Ensco and Rowan Amend Merger Agreement
Ensco plc and Rowan Companies plc have made changes to their transaction agreement the companies originally entered into on Oct. 7.
The amendment to the all-stock merger transaction says that Rowan shareholders will receive 2.75 Ensco shares for each Rowan share after closing. Ensco and Rowan shareholders would then own 55 percent and 45 percent, respectively, of the outstanding shares for the combined company.
On Jan. 14, Ensco sweetened the proposed deal, offering Rowan shareholders 2.6 Ensco shares for each Rowan share. The amendment gives Rowan shareholders even more ownership.
The amendment has been approved by both company’s board of directors. All other terms and conditions of the original transaction agreement remain the same.

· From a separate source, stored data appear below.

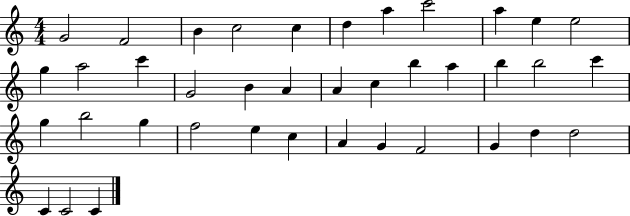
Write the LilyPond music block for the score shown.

{
  \clef treble
  \numericTimeSignature
  \time 4/4
  \key c \major
  g'2 f'2 | b'4 c''2 c''4 | d''4 a''4 c'''2 | a''4 e''4 e''2 | \break g''4 a''2 c'''4 | g'2 b'4 a'4 | a'4 c''4 b''4 a''4 | b''4 b''2 c'''4 | \break g''4 b''2 g''4 | f''2 e''4 c''4 | a'4 g'4 f'2 | g'4 d''4 d''2 | \break c'4 c'2 c'4 | \bar "|."
}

“By reaching an amended agreement, Ensco and Rowan shareholders will benefit from anticipated expense synergies that are expected to create approximately $1.1 billion of capitalized value … a larger, more technologically-advanced and diverse offshore driller will provide shareholders of both companies with even greater upside as the industry recovery unfolds,” Ensco CEO Carl Trowell said in a company statement. “In addition to a broad fleet of high-specification floaters and jackups, the combined company will have a diverse customer base that includes most of the largest holders of offshore reserves and the broadest geographic presence of any offshore driller.”